Crack open any compiler tome from the last century and you’ll find some variant of the same architecture. A pipeline that runs each pass of the compiler over your entire code before shuffling its output along to the next pass. The pipeline halts at the first error, throwing away any work that’s been completed.
Crack open any compiler, written this millennium, and you’ll find nothing of the sort. A silent shift has occurred in compiler architecture. Modern compilers almost unilaterally use a query based model.
Rather than run each pass to completion, compilation is structured as a series of queries depending on each other. You don’t call lexing and then parsing. You ask the compiler “what does the parsed syntax tree of this file look like?” and the compiler goes off and lexes the file as part of answering your enquiry. Compilation no longer stops at the first error. An error in one query does nothing to block another, allowing us to collect multiple errors or even ignore errors in unrelated portions of our code.

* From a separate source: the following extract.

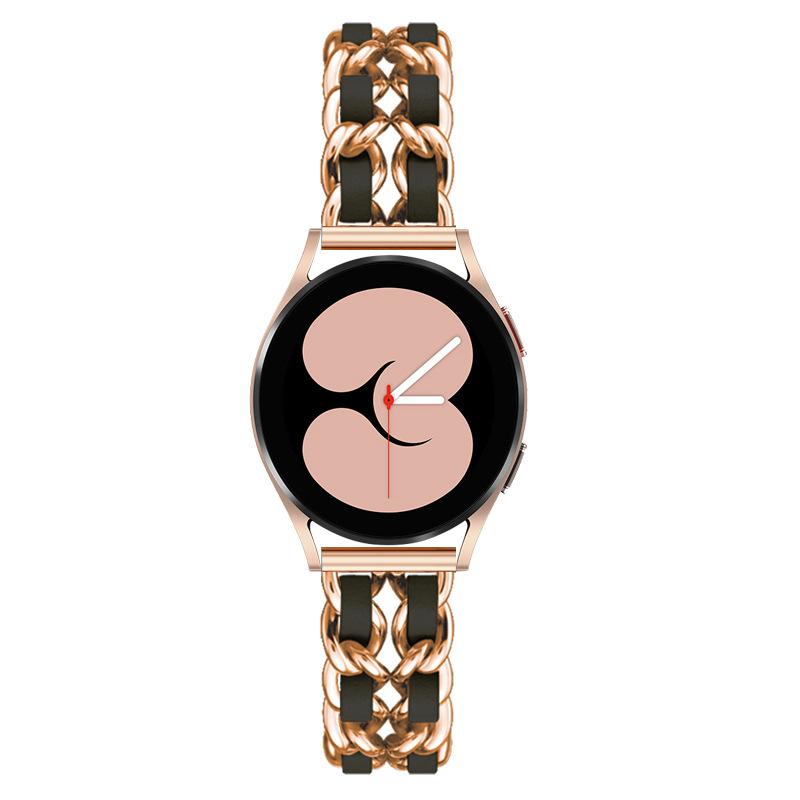 22 мм 20 мм Кожаный+Металлический ремешок для Samsung Galaxy Watch 7 6 5 4 40 мм 44 мм Сменный браслет для Huawei Watch GT6/5/4 46 мм Ремешок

Query based compilation is motivated by two factors: incremental reuse and Integrated Development Environments (IDEs). As languages have grown more featureful, compilers have taken on more work to keep up. It’s increasingly important that compilers work incrementally, determining the code that has changed since last compilation and only recompiling changed code. The query model helps with this because each query tracks what queries they depend upon. If all a query’s dependents are unchanged, we know the output of the query is unchanged and we can reuse its cached value.
IDEs are only growing in popularity. Especially with the arrival of the Language Server Protocol (LSP) bringing IDE features to your favorite editor (unless your favorite editor is nano; very sorry about that). With this rise in popularity, the way we use compilers has changed. Our usage is more fine grained than before. We don’t want to know the types of our whole program, just the type of the function we’re looking at right now. I don’t need the definition of every variable in my program, just the definition of the variable under my cursor.
Queries also help us here. We can construct queries that run over a single function, or even a single variable, and they’ll only depend on the queries for that function. Executing the minimal set of queries for our function allows us to answer queries faster. This is important for IDEs because the user is sitting there waiting for the compiler to get back to them. The faster we can answer, the better, and queries let us do the minimal amount of work to answer.
Query based compilers are all the rage: Rust, Swift, Kotlin, Haskell, and Clang all structure their compilers as queries. If you want to learn how these new optimal incremental compilers work, however, you’re hard pressed to find resources. Let this be your call to action: persuade your professors, pester your local PL passionates, phone your representatives. We need more educational material on query-based compilers.